Author: David Berry Green
More precisely I spent two days in and around the village of Serralunga d’Alba, the third largest Barolo commune at 311ha (behind La Morra & Monforte d’Alba), ex 1786ha for all Barolo. As with Burgundy I find it pays to passegiare among the vines, to see for oneself the varying terroirs: from the deep red clays at the base of the village, home to Fontanafredda, to the finer calcareous rich marls of the top sites, at 450 metres elevation heading out towards Roddino. Conterno’s Cascina Francia & Giacosa’s Falletto are to be found among the latter.
Serralunga reminds me of Vosne-Romanée; the suave, subtle elegance of the wines are underpinned by an aristrocratic structure and mineral, rock-like fruit mesh. So different from the velvety Chambolle-esque feel of Castiglione Falletto or meaty, Nuits St. Georges-like full-bodied notes of Monforte. Massolino, Conterno and Giacosa remain the top addresses, blessed with fine vineyards and gentle large oak ageing. Barolo 2005 looks promising if earlier maturing than 2004; 2006 richly structured for the long term; while the 2007 looks cooler and perfumed.

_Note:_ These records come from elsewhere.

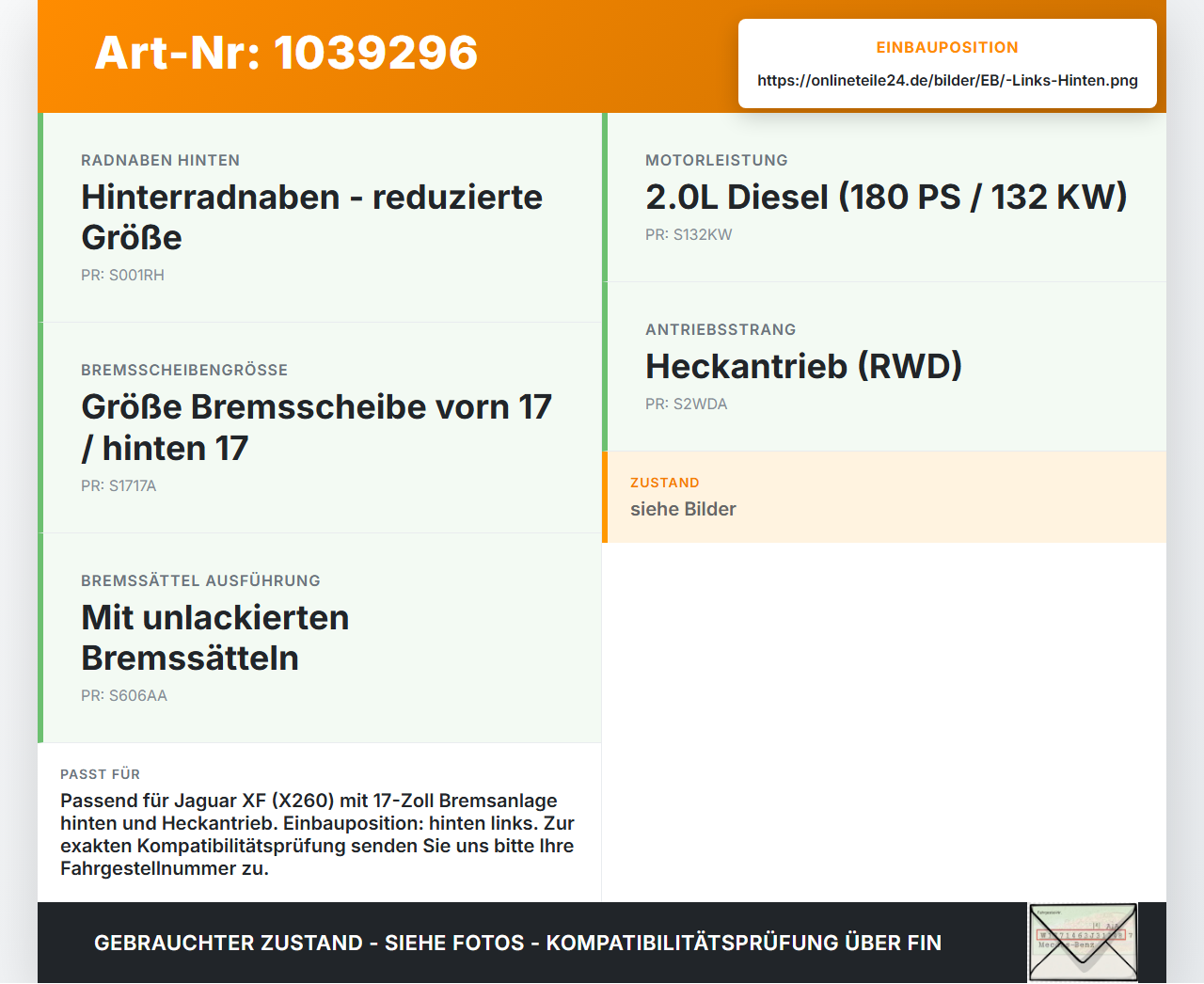 Jaguar XF X260 15-20 2,0d 132KW Stellmotor Parkbremse Bremssattel Hinten Links Jaguar XF X260 15-20 20.06.2017... Vorschau 3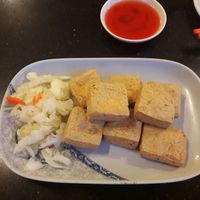 Famous stinky tofu with cabbage salad at Cool Cool in Phnom Penh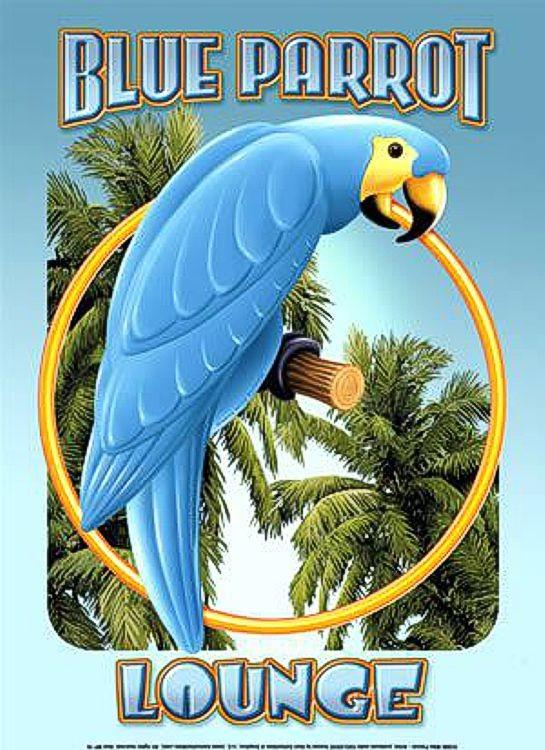 signs 4 fun Blue Parrot Lounge Metal Sign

Soldera’s Casse Basse, en-route to Umbria proved a fascinating detour. Gianfranco’s policy of ageing his Brunello wines for up to 6 years in large slavonian oak flies in the face of current tastes (for french oak) yet delivers finely-tuned, harmonious wines; the 1994 Brunello opened over lunch appeared muddled yet blossomed into a rose-scented beauty. The 2001 Riserva, by contrast, gave a brief moment of redcurrant brilliance before closing down; a promising future without doubt.
And finally to Umbria where three days in the field threw up a less-than-convincing view of Orvieto, bar the fine wines of Palazzone, yet witnessed a far more encouraging prognosis for red Sagrantino di Montefalco. Spurred on by being awarded its DOCG in 1992, the region was put on the map among the important American market by Arnaldo Caprai. Since then there has been a rash of plantings, taking the number of wineries from 15 in 2000 to 42 in 2008 (and to 662ha).
More than a few of the new estates have unsurprisingly sought to ape Caprai’s success, producing ‘marmalata’ wines, thickly concentrated with high alcohols and dangerously-low acidities; popular perhaps with journalists but less comfortable at the dinner table. One contributor might be that the best (vineyard) sites have traditionally gone to olive groves, relegating the vine to the less than ideal clayey bottom of the slope; that a tiny percentage of the best fruit is still hived off to produce Passito Sagrantino or that a significant number of growers still farm cereal alongside vines, thereby increasing their reliance upon wine consultants…Anyway, the future’s bright, with the likes of Bocale & Bea showing the way forward.